Das erste Produkt soll allerdings ein rund zwei Millionen Euro teures elektrisches Hypercar namens Battista sein, das in unter zwei Sekunden von 0 auf 100 km/h beschleunigen soll. Hinter Pininfarina steht der indische Konzern Mahindra.

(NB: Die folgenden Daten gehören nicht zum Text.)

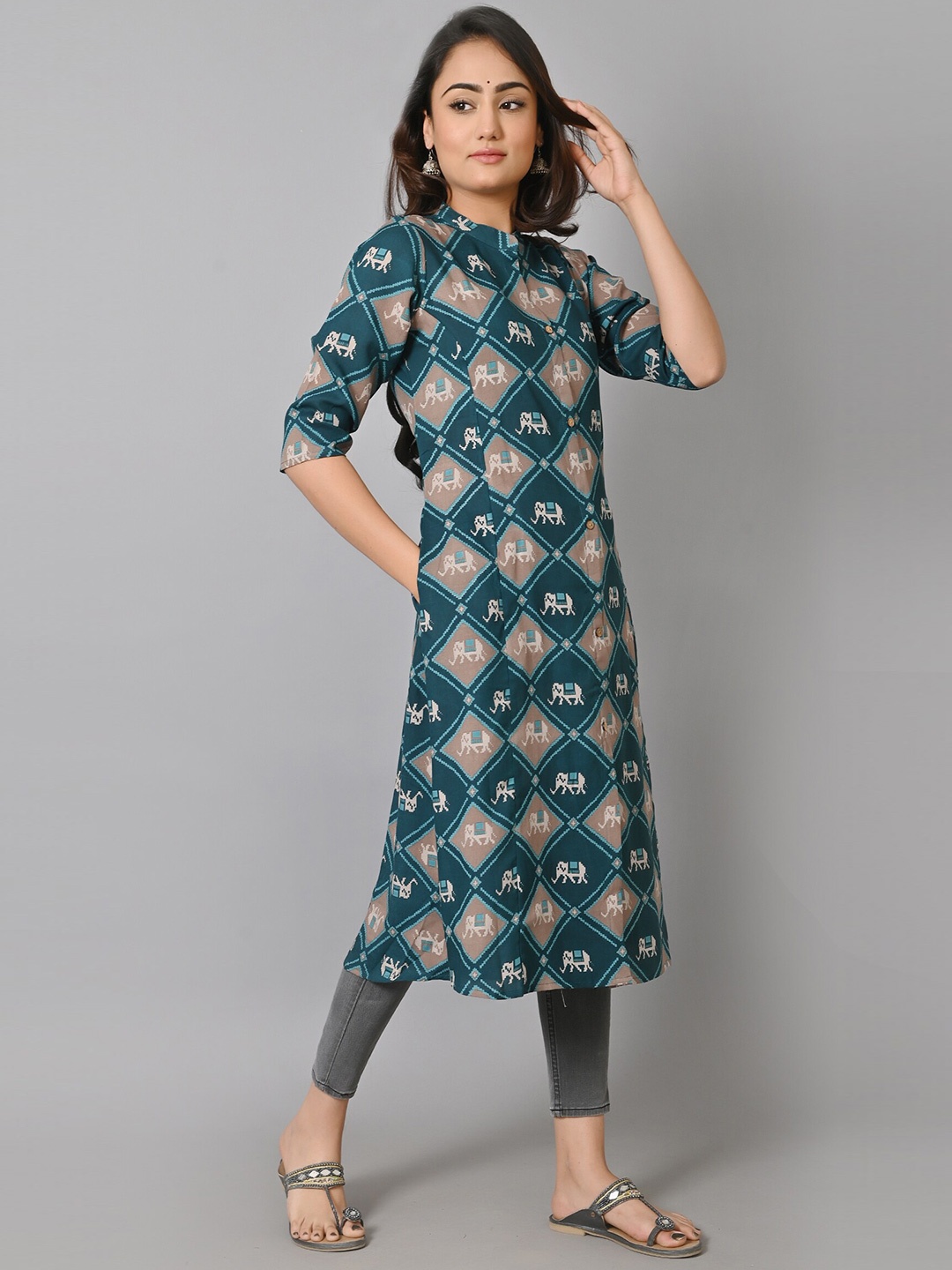 

Moktika Ethnic Motifs Printed Mandarin Collar A-Line Kurta, Teal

Rudat: Von Tesla seit Juli freigestellt

Tesla selbst hat sich zu den Meldungen bislang nicht geäußert. Gerüchte über einen Abschied Rudats hatten sich zuletzt aber hartnäckig gehalten. Unter anderem hatte Stefan Moeller, Geschäftsführer des Flottenbetreibers Nextmove, mit dem Tesla im Clinch liegt, Mitte August behauptet, der Manager sei nicht mehr im Amt. Damals hatte Rudat noch beteuert: „Ich bin nach wie vor bei Tesla angestellt.“

Nun heißt es in der Presse, Rudat sei zwar tatsächlich noch bei Tesla angestellt, aber seit Mitte Juli von seinen Aufgaben freigestellt. Sein Vertrag endet demnach Ende September. Über die Gründe für den Abschied gibt es aufgrund des fehlenden Tesla-Statements nur Vermutungen, laut dem „Manager Magazin“ soll die Stimmung zwischen Firmenchef Elon Musk und der europäischen Tesla-Organisation aber nicht die beste sein.